In the initial phase, ACF provides training to beneficiaries and orients them on how to grow at least 10 vegetables in a small piece of land. The beneficiaries were provided seed kits, consisting of ten types of vegetable seeds (focusing on iron-rich vegetables). The kit contains seeds of ladyfinger, bottle gourd, spinach, coriander, cucumber, radish, bitter gourd, turnip, cauliflower, and cabbage. Since there is a variety of seeds provided in the kit, it has helped beneficiary families have a balanced and nutritious diet that includes proteins, carbohydrates, vitamins, magnesium, iron, folate, manganese, zinc, potassium, sodium, calcium, fibre and phosphorous.
Kitchen gardens are established and maintained on a small patch of land with minimum technical inputs; hence, these gardens provide the marginal communities with a platform for innovations in supplemental food production as well as an opportunity to improve their livelihoods. Family labour, especially the efforts of women, becomes particularly important in the management of these backyard gardens. It is cost-effective, practical and easy to meet a balanced dietary requirement of rural households as well as add substantially to the family income.
Sukhpreet Kaur, a beneficiary of ACF’s kitchen garden initiative and a resident of Mehma Sawai village says, “Apart from saving money, the kitchen garden initiative also helped me to improve the nutrition status of my family. Regular intake of nutrient-rich vegetables like Ladyfinger, Spinach, Bottle Gourd had increased the energy levels and my efficiency at work.”

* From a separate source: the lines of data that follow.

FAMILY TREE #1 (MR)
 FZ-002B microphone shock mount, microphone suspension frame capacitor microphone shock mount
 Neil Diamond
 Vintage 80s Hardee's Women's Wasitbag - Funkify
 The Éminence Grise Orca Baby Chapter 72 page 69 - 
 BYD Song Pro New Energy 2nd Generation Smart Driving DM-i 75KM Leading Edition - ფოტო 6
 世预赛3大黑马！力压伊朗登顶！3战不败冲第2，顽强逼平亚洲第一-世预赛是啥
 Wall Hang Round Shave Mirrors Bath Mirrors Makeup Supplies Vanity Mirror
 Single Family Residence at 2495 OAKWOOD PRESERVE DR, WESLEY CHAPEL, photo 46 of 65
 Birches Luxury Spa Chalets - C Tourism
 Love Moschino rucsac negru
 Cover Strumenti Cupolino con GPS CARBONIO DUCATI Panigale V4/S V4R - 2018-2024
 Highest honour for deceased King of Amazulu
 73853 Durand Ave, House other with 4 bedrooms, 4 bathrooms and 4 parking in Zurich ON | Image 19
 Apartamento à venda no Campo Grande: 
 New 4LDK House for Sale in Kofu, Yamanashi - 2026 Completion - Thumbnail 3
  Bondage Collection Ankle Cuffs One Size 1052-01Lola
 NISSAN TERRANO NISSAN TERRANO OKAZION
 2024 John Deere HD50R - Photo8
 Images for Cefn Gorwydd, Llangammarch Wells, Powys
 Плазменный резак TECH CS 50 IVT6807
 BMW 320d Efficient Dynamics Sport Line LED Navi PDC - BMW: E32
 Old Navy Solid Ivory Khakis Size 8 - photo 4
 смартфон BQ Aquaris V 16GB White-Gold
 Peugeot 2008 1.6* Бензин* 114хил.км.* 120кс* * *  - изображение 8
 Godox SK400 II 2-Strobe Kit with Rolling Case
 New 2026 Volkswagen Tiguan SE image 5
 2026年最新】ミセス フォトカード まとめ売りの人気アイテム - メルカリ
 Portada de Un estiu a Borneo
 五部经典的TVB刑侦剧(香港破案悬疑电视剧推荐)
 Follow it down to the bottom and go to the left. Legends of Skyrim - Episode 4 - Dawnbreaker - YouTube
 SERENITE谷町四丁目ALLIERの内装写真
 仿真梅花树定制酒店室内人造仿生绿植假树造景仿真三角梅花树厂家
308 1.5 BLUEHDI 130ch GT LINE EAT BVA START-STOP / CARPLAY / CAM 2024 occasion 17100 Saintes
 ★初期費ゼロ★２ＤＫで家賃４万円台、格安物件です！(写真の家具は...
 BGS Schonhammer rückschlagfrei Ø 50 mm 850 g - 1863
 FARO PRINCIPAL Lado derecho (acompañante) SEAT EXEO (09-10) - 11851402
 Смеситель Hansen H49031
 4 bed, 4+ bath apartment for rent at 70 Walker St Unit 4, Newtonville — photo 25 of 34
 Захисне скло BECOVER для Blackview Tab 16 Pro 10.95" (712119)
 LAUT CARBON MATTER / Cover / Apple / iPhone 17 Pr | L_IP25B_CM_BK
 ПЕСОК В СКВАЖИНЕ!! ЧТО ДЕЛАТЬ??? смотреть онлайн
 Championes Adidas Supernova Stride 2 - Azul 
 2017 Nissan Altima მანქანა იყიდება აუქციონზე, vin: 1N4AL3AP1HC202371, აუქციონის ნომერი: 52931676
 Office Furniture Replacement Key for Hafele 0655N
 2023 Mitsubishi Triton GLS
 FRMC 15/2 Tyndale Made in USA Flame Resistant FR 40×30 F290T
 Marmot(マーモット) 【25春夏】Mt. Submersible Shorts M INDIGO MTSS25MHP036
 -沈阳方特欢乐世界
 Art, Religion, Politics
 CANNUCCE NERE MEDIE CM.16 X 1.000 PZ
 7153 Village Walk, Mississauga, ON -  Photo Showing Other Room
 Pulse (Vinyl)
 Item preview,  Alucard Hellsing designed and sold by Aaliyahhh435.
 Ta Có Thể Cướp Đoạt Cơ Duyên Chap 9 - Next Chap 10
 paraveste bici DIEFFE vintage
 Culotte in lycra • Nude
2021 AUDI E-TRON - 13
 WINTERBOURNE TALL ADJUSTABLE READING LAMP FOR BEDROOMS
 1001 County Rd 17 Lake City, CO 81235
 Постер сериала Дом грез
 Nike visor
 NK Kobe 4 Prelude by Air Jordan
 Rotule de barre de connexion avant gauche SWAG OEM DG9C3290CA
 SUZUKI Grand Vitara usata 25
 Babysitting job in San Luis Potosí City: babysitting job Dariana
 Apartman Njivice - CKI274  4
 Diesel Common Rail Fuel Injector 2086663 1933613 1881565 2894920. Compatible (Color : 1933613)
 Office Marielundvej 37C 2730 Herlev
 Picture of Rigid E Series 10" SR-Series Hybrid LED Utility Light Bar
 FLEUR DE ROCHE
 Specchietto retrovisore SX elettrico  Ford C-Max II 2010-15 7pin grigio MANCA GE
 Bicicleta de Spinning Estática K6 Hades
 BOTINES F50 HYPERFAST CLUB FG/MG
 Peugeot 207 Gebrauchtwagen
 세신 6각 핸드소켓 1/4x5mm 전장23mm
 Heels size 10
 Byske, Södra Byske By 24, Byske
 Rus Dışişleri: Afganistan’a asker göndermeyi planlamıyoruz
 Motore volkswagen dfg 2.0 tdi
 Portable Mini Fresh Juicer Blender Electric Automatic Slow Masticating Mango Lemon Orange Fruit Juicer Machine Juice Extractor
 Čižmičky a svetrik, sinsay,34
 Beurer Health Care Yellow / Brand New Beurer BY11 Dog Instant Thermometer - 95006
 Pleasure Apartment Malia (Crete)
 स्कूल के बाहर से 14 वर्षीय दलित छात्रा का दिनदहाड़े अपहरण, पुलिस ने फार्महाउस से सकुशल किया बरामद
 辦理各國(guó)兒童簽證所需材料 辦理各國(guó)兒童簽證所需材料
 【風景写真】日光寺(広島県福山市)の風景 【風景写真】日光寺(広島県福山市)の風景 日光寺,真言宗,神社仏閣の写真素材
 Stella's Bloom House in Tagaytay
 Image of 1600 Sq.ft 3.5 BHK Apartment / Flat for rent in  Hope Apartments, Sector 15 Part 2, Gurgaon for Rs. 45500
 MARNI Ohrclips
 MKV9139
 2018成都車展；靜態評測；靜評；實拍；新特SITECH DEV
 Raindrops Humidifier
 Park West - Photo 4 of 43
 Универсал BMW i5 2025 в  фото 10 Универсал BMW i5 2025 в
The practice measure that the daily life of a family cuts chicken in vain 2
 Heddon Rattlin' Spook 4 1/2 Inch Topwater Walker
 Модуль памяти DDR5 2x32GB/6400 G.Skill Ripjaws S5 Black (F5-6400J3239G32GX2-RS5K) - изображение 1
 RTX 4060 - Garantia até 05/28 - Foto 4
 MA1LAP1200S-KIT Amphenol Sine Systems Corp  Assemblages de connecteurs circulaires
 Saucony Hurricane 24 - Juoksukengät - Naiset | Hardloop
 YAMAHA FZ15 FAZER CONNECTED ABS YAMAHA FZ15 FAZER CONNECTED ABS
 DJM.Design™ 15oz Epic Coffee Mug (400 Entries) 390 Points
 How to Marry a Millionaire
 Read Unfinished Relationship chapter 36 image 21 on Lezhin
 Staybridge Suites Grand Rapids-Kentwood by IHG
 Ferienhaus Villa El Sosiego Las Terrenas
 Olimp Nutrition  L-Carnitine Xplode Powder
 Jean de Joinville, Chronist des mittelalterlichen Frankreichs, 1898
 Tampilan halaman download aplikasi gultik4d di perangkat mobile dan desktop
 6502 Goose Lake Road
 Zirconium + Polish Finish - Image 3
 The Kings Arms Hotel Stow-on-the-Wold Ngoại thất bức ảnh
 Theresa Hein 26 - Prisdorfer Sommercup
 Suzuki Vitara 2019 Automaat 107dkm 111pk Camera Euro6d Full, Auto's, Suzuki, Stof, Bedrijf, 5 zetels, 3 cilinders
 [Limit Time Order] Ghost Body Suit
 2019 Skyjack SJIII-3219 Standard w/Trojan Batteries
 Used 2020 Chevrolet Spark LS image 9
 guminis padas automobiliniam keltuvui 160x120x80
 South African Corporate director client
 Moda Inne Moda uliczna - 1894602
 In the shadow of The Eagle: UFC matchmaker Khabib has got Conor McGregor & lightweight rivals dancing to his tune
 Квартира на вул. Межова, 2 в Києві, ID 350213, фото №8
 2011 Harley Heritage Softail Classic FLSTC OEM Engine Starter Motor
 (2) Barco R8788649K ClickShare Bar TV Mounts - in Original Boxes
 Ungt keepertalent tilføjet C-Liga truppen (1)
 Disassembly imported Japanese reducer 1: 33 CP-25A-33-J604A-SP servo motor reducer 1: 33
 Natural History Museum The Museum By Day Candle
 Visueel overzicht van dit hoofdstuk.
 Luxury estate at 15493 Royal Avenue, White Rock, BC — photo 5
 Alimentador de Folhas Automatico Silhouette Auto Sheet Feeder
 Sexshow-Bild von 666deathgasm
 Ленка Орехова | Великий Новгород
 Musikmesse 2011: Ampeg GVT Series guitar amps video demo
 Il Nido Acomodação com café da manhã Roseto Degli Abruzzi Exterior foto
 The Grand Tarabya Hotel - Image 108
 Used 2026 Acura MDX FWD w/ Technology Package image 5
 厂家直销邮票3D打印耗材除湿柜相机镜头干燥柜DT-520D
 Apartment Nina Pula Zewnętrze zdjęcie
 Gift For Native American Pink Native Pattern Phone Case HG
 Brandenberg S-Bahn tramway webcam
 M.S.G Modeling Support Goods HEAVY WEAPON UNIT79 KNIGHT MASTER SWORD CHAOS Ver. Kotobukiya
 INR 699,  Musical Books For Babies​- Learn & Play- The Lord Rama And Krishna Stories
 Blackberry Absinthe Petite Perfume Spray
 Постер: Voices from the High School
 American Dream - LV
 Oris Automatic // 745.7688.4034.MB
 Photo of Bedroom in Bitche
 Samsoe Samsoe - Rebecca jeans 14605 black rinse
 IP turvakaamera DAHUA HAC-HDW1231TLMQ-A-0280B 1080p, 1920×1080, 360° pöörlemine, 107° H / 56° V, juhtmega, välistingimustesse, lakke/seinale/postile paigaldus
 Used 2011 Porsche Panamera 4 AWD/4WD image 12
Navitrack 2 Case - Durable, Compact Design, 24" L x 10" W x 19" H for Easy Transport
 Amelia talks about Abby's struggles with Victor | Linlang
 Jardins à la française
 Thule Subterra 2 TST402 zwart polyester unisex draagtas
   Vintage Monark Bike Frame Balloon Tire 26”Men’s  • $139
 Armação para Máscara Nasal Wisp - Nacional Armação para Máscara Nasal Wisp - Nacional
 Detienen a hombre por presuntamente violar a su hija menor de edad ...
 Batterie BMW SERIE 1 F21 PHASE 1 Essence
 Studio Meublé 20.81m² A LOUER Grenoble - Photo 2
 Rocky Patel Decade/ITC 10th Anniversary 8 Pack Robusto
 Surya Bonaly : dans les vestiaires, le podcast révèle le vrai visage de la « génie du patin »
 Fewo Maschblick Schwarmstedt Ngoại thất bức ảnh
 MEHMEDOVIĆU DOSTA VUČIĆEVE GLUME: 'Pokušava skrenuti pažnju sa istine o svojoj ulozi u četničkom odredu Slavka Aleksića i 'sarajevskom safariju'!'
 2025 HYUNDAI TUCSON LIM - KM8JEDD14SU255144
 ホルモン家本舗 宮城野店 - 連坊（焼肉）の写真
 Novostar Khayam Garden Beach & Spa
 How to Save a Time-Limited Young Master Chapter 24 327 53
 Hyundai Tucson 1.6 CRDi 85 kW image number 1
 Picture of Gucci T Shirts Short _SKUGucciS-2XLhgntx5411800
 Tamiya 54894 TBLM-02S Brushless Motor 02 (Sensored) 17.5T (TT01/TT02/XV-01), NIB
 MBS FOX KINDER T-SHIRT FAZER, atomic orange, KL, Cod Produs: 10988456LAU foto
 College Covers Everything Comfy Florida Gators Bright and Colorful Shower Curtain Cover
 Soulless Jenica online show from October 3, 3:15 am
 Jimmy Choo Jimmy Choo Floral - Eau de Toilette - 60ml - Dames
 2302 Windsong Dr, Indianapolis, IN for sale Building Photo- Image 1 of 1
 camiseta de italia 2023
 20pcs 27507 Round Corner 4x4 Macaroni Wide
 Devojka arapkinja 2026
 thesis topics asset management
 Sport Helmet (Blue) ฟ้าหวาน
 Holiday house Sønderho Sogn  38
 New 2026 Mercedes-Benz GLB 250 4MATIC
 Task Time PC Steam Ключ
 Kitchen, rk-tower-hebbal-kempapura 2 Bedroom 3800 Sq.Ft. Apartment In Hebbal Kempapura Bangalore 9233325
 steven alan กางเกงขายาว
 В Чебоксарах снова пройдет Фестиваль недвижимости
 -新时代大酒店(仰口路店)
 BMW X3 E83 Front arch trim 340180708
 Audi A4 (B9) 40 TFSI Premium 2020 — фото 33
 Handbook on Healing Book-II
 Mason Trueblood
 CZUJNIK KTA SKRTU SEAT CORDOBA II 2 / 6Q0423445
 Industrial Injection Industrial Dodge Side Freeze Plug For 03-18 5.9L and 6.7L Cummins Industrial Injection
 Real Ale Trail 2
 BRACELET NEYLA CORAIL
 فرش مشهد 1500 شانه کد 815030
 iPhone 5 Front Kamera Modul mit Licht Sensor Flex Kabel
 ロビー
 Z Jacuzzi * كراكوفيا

Kitchen gardens help increase household income either by the sale of the food products grown in the gardens or by the consumption of the same food items that the families would have otherwise purchased from markets using a significant portion of the family income. The benefits of kitchen gardening were also seen during the lockdown period of the COVID-19 pandemic. The vegetables grown at the household level led to savings of Rs. 25-30 per day for each family on average. This ultimately led to a saving of approximately Rs. 750-1000 per family per month. Kitchen garden products and the savings from consuming home-grown food products create an increased amount of disposable income for the beneficiary families, who invest the surplus income to fulfill other domestic requirements including the purchase of additional food items, greater investment in the education of children, and othersand growing vegetables in more areas by hiring land on rent.
Ms. Veer Pal Kaur, another beneficiary says, “Apart from the use of vegetables, I sold the vegetables in the local market and earned money which was used to meet some of my household expenses.”
By distributing seeds to households in the villages, the program encouraged women to get actively involved in kitchen gardening. As a result, the contribution of women in household food production has increased manifold, at times even making them the sole caretakers of these gardens. It is seen that with time, kitchen gardening activities commensurate with their daily domestic chores, subsequently generating hopes for their socio-economic enhancement. Additionally, in case of pregnant women, working in the kitchen gardens was found to be a very good alternatives working in the agriculture fields would have involved heavy manual work for long hours.
Kitchen gardening also helps in reducing cases of Anaemia among women and adolescent girls. ACF is creating awareness among communities on Anaemia and conduct HB test in government schools. ACF also motivates those families to have a kitchen garden whose siblings are anaemic. In addition to this, kitchen gardens provide environmentally sound opportunities for waste disposal. Composting is commonly used for household wastes including kitchen waste, paper, and even animal waste, which are used to enrich the soil.
Therefore, kitchen gardens serve as an eco-friendly and sustainable agricultural practice to improve food security and enhance the economic growth of rural households of the villages. In times of increasing food prices, the kitchen gardening practice has the potential to directly address the areas of nutrition and food security, income generation and alternate livelihood creation for the household as well as empowerment of women, in the long run, in rural areas. Such initiatives help improving health indicators of the community and at the same time empower women.